● **Problem requirements**: Once the line with "Mira telescópica para" has been located in the records below, set down that line and all subsequent lines exactly, omitting the pictures.

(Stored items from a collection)
=====

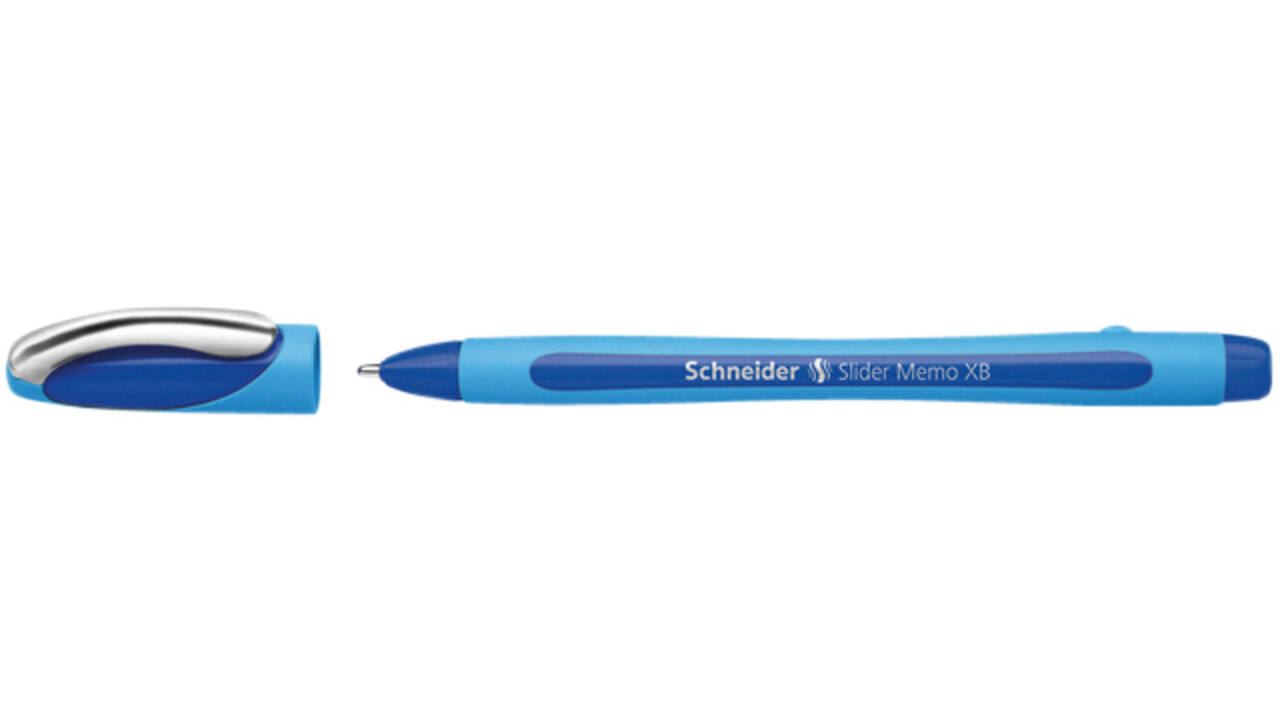 Balpen Schneider Slider Memo extra breed blauw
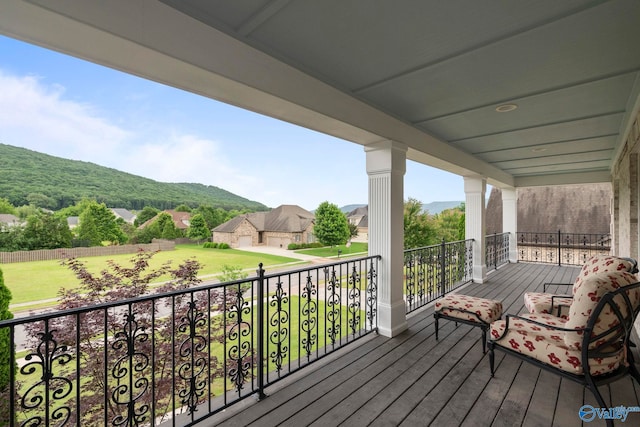 11 SE Braewick Pl, Gurley, AL 35748 - wooden terrace with a mountain view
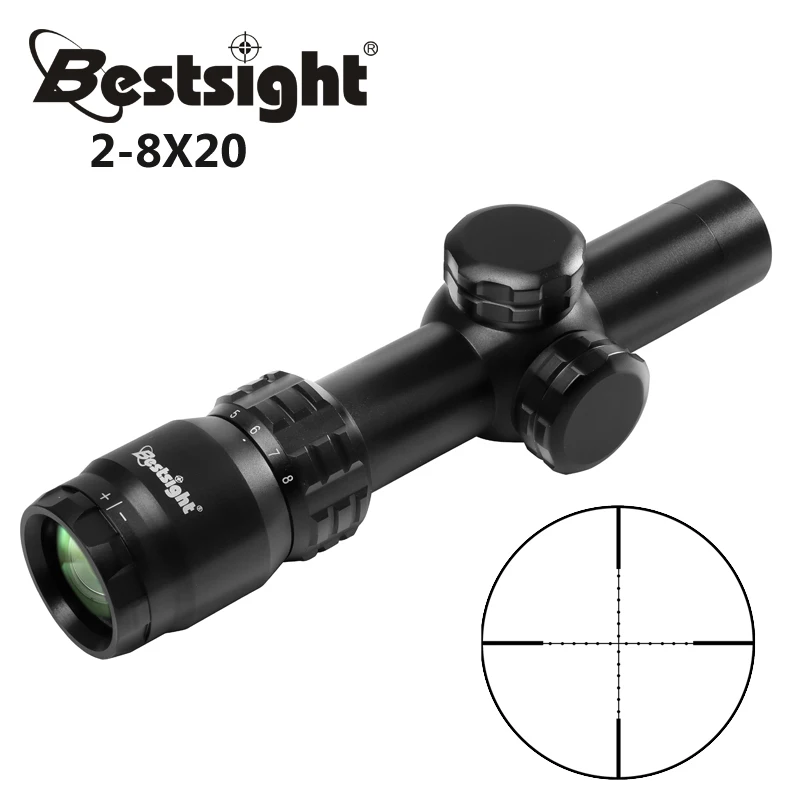 Mira telescópica para rifle con retícula Mil, caza y airsoft táctico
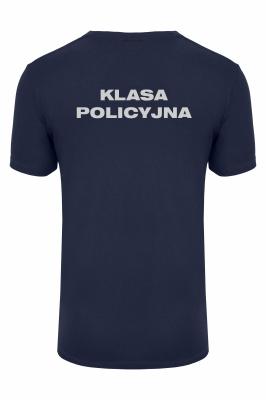 T-shirt granatowy KLASA POLICYJNA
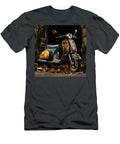 Vespa Italian Scooter N004 Edit Voros T-Shirt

=====

● **Response for this exercise**:
 Mira telescópica para rifle con retícula Mil, caza y airsoft táctico
 T-shirt granatowy KLASA POLICYJNA
 Vespa Italian Scooter N004 Edit Voros T-Shirt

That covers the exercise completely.